Mining Test Inputs for Effective Test Generation
TestMiner extracts test input values, such as strings, from a corpus of existing tests and suggests these values to a test generation tool. The approach is described in our ASE 2017 paper:

Saying ‘Hi!’ Is Not Enough: Mining Inputs for Effective Test Generation
Luca Della Toffola (ETH Zurich, Switzerland)
Cristian-Alexandru Staicu, Michael Pradel (TU Darmstadt, Germany)

This short tutorial shows how to build and use TestMiner.


The Maven Central index retrieval and the static analysis framework are written in Scala/Java. We have two (almost) equivalent implementation of TestMiner, one written in Python, and another written in Java.
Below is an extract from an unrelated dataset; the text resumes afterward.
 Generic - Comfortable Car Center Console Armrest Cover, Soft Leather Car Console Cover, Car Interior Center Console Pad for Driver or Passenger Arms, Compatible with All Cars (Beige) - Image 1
The minimum software requirements to run and compile TestMiner are:

  • Java Virtual Machine (version 7 or greater)
  • Python (version 2.7 or greater)
  • Gradle (version 3.3 or greater)
  • Scala (version 2.10.x or greater)

A problem related to zinc may cause a compilation issue using Gradle. An alternative solution to compile TestMiner is to use Docker with a script similar to:

FROM frekele/gradle:3.3-jdk8 
USER root 
WORKDIR /source 
COPY . /source 
RUN gradle


The first three steps indicated below are optional. The three applications are used to prepare the context-value pairs that TestMiner uses as index. However in the repository we provide two ready-to-use data-sets in the directory indexer/src/main/resources:

  • full.json: this file contains all the context-value pairs that we extracted from test-cases in 3600 projects we downloaded from Maven Central.
  • evaluation.json: this file contains all the context-value pairs that we used in the evaluation. In this data-set we removed all the method signatures that are prefixed with one of the class-under-test. The file packages_to_filter.txt contains the prefixes that are filtered.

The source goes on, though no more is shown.